Pruning young blueberries
- Prune back 50% to 60% of the wood immediately after planting.
- Remove all flowers from two-year-old plants to encourage root growth and ensure good establishment.
- Pruning invigorates the plant, forcing essential new growth from the base of the plant.
- The guiding principle behind blueberry pruning is to constantly renew the older, decreasingly productive canes by cutting them out to force new canes.
- This is known as renewal pruning and is also done with grapes, peaches, and currants. Pruning will also increase fruit size and improve quality.
- Do not fertilize at this time.
Growing seasons 2-5
- Plants may need light pruning in February or March.
- Remove a few of the small branches or twigs in the center of the bush.

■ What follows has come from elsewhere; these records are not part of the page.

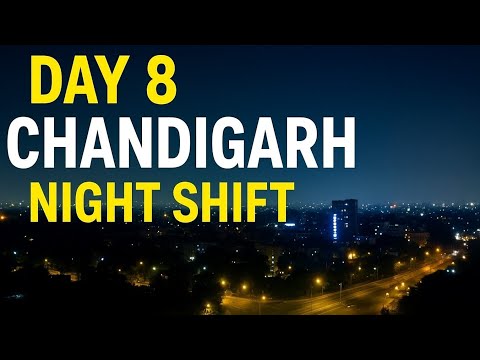 Day 8: Chandigarh Night Shift Vlog 🌙 | #NightShift #ChandigarhVlog #DailyMiniVlogs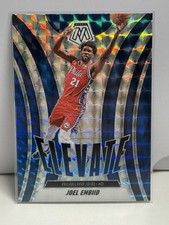 2024 Panini Mosaic Joel Embiid #23 Elevate Silver Mosaic Prizm 76ers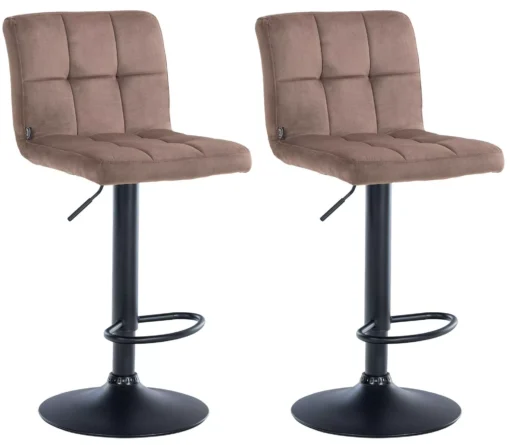 2 baro kėdžių komplektas "Peru velvet black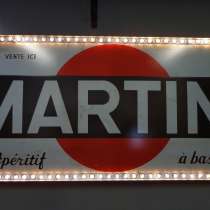 Винтажная вывеска Martini 1957г, в Санкт-Петербурге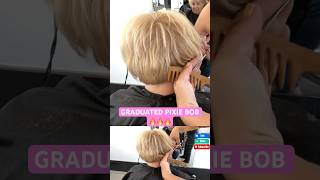 GRADUATED PIXIE BOB CUT: Full Tutorial Linked Below! 🔥🤩🤩🤩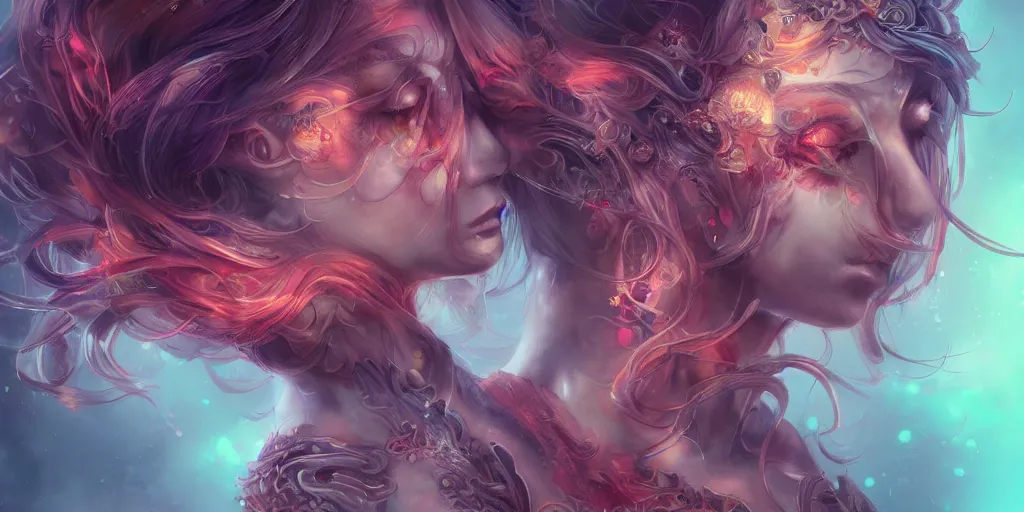 Image similar to dreamscape, female, ross tran, vivid colors, anatomical, highly detailed sculpture, intricate detailed, ommatidia, 8 k, cinematic atmosphere, post - processing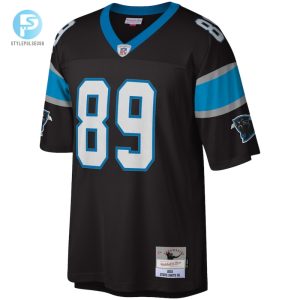 Mens Carolina Panthers Steve Smith Mitchell Ness Black Legacy Replica Jersey stylepulseusa 1 1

- The fruit is produced on wood grown the previous season, and the largest berries are produced on moderately vigorous wood (branches 12- to 18-inches in length).
- All weak growth should be removed.
- Pruning twig dieback. Cut out any twigs that appear to be weak or begin to die; make cuts several inches below the affected area. Twigs heavily encrusted with scale insects should be removed and destroyed early in the spring before the buds start opening.
4-year old blueberry shrub
(Left) Before pruning; (Right) After pruning. Pruning reduced the fruit buds by about 5%. In very fertile soils a larger number of fruit buds might be left for a heavier crop.
Pruning mature blueberries (6 years and older)
- A healthy plant should be 5- to 7-feet tall and produce 3 to 5 new canes several feet tall yearly.
- Each spring, select the best two to three new canes to retain and remove some of the oldest canes. (Canes over 1 in. in diameter do not produce the best fruit.) When you fail to remove older branches, the new canes are likely to be willowy and produce only a few berries at the top.
- Pruning will result in a plant with 12 to 18 canes of varying ages. This is an optimal scenario; many plants will deviate from this ideal.
- Also, remove the lowest branches and thin out branches in the center.
- The lower branches bear fruit that is dirty and difficult to pick; the center branches produce small, poorly colored, and late-ripening fruit.
- Overly long canes with many flower buds may be headed back, but do not try to top canes to stimulate growth.